[[ Stored data open ]]

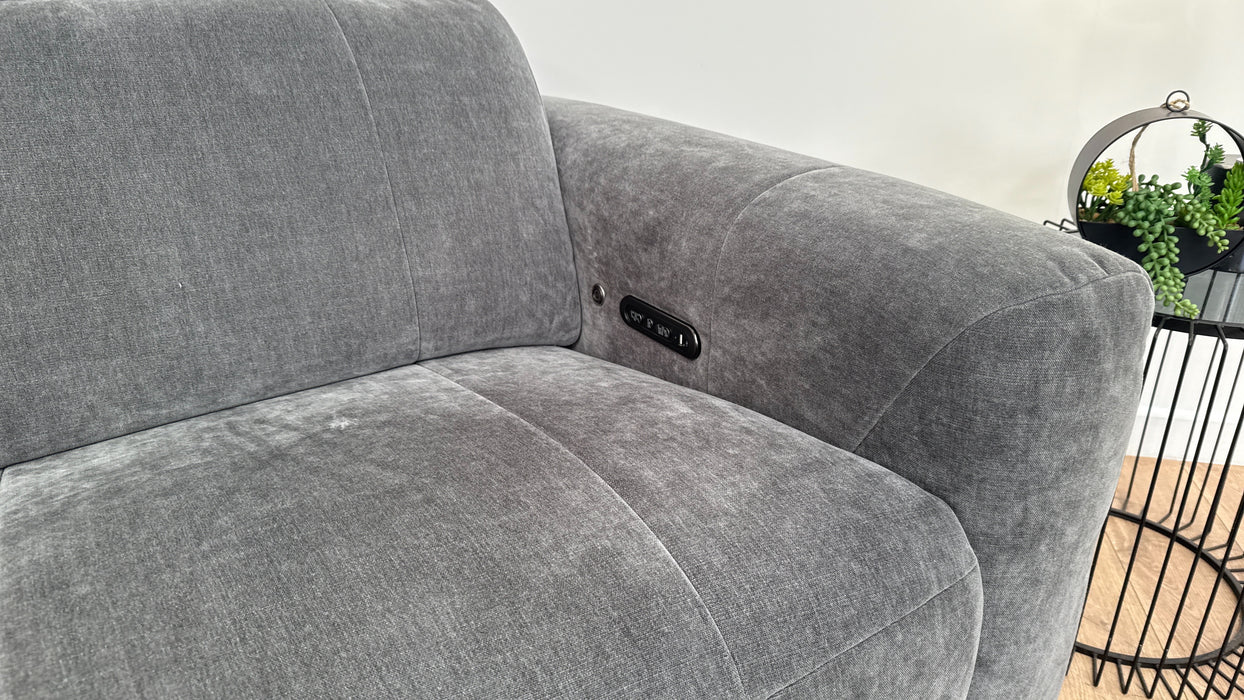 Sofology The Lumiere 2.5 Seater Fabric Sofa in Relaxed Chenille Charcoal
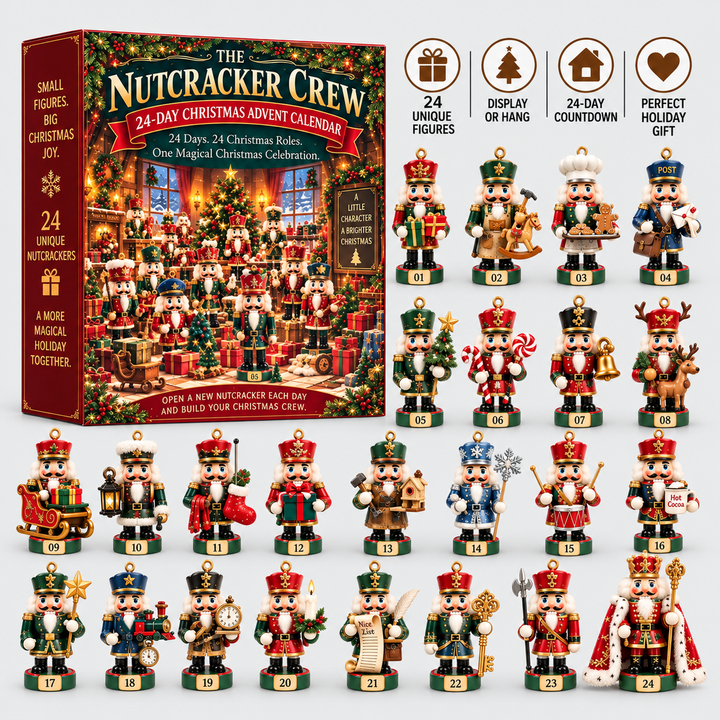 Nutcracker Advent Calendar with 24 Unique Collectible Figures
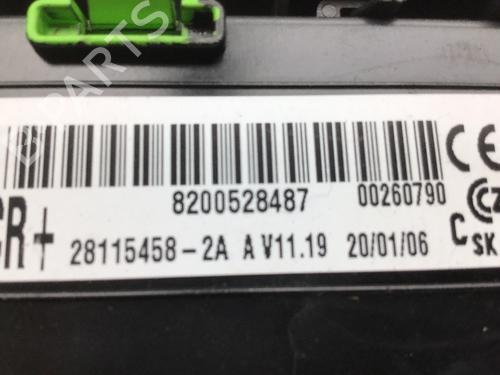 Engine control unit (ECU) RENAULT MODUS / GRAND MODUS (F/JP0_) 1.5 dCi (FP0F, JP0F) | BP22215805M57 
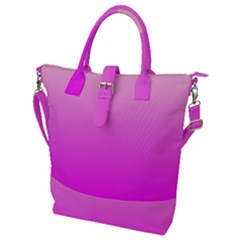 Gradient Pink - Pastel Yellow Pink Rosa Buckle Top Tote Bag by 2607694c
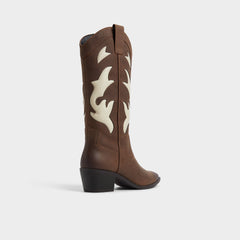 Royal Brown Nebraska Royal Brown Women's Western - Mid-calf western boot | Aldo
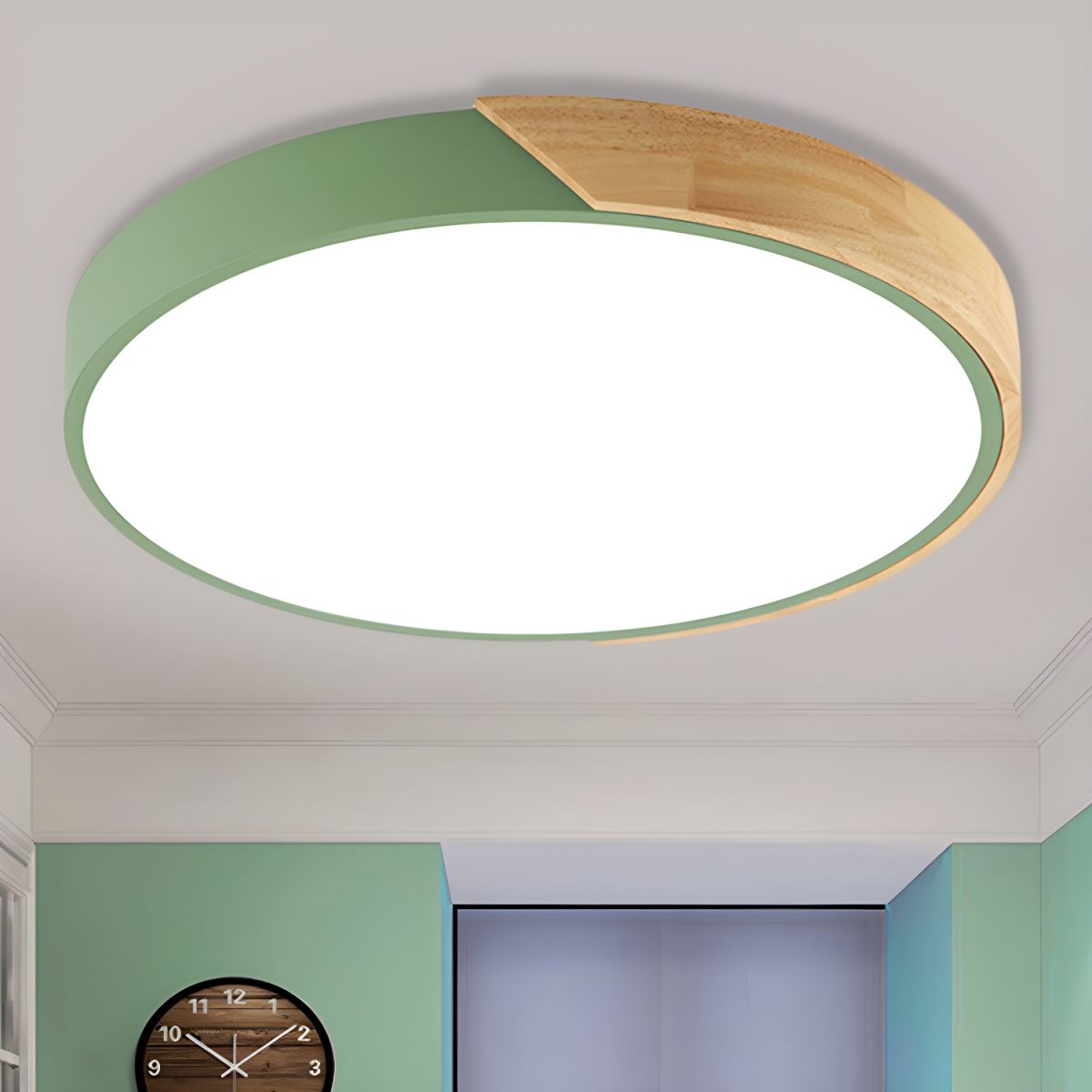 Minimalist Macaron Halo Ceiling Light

[[ Stored data closed ]]

▸ Problem: Should there be pictures in the data, leave them out and return the rest exactly.

▸ Result of the exercise:
 Sofology The Lumiere 2.5 Seater Fabric Sofa in Relaxed Chenille Charcoal
 Nutcracker Advent Calendar with 24 Unique Collectible Figures
 Engine control unit (ECU) RENAULT MODUS / GRAND MODUS (F/JP0_) 1.5 dCi (FP0F, JP0F) | BP22215805M57 
 Gradient Pink - Pastel Yellow Pink Rosa Buckle Top Tote Bag by 2607694c
 Royal Brown Nebraska Royal Brown Women's Western - Mid-calf western boot | Aldo
 Minimalist Macaron Halo Ceiling Light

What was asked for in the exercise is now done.